> DIRECTIONS FOR THIS TASK:
When the data below is printed, every line must match exactly and the images must be absent.
=======
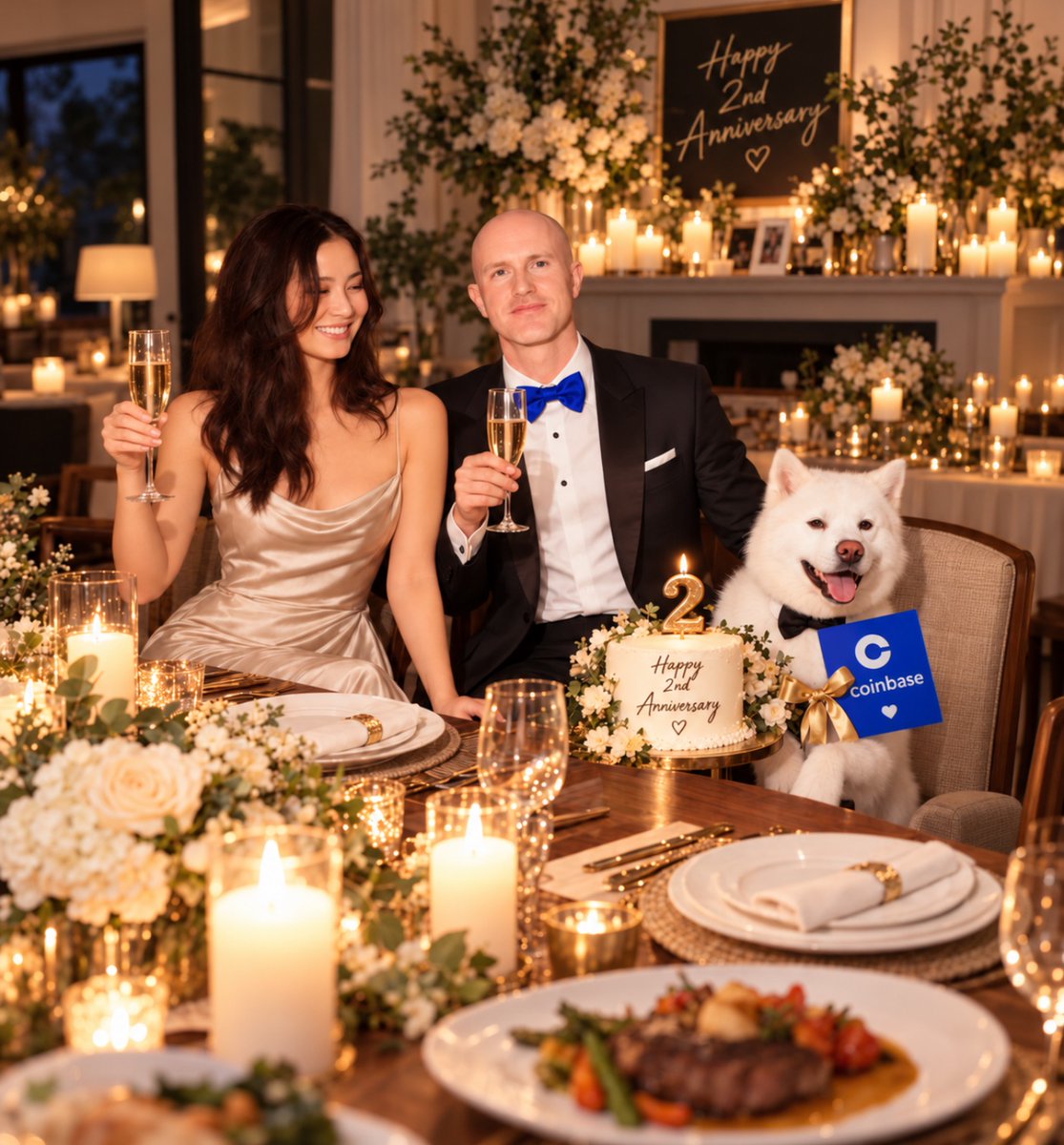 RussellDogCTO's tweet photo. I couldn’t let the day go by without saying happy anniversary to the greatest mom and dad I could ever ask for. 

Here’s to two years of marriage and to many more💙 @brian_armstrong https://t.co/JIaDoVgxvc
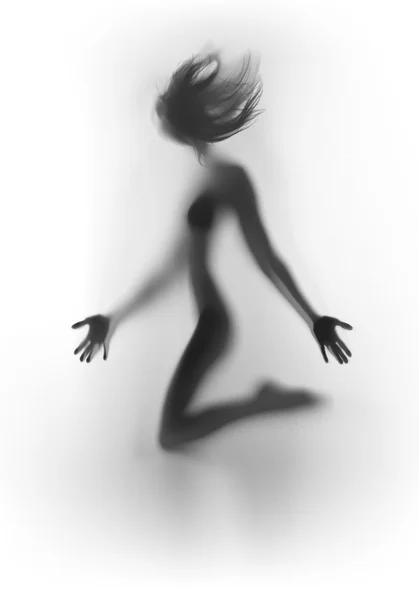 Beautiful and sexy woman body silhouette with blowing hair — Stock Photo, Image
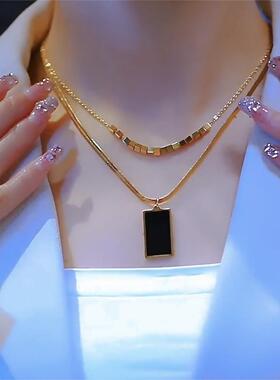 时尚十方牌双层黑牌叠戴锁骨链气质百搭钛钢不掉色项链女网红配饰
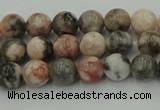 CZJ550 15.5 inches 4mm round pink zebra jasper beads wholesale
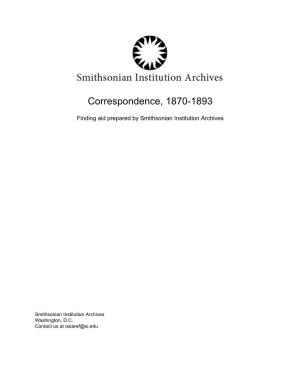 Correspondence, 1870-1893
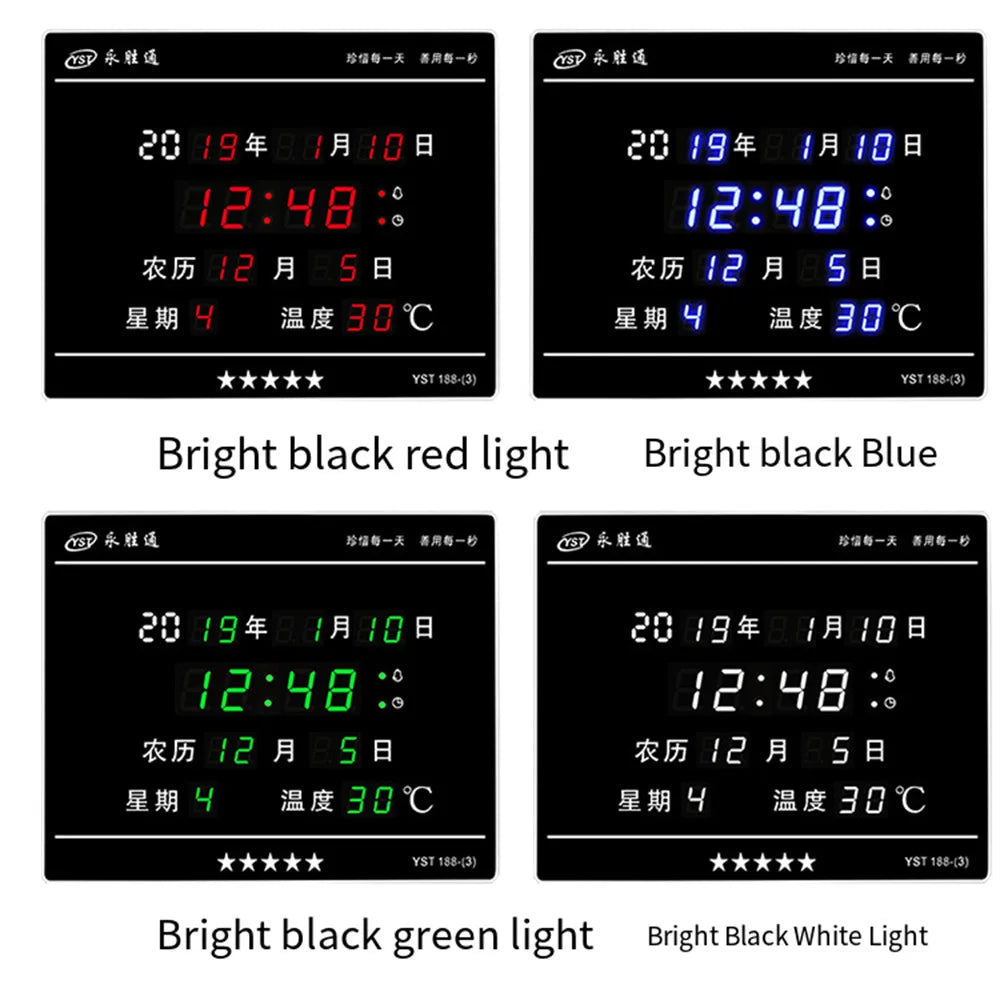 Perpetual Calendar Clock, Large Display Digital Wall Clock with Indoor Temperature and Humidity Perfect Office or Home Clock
=======
> RESULT FOR THIS EXERCISE:
 RussellDogCTO's tweet photo. I couldn’t let the day go by without saying happy anniversary to the greatest mom and dad I could ever ask for. 

Here’s to two years of marriage and to many more💙 @brian_armstrong https://t.co/JIaDoVgxvc
 Beautiful and sexy woman body silhouette with blowing hair — Stock Photo, Image
 时尚十方牌双层黑牌叠戴锁骨链气质百搭钛钢不掉色项链女网红配饰
 CZJ550 15.5 inches 4mm round pink zebra jasper beads wholesale
 Correspondence, 1870-1893
 Perpetual Calendar Clock, Large Display Digital Wall Clock with Indoor Temperature and Humidity Perfect Office or Home Clock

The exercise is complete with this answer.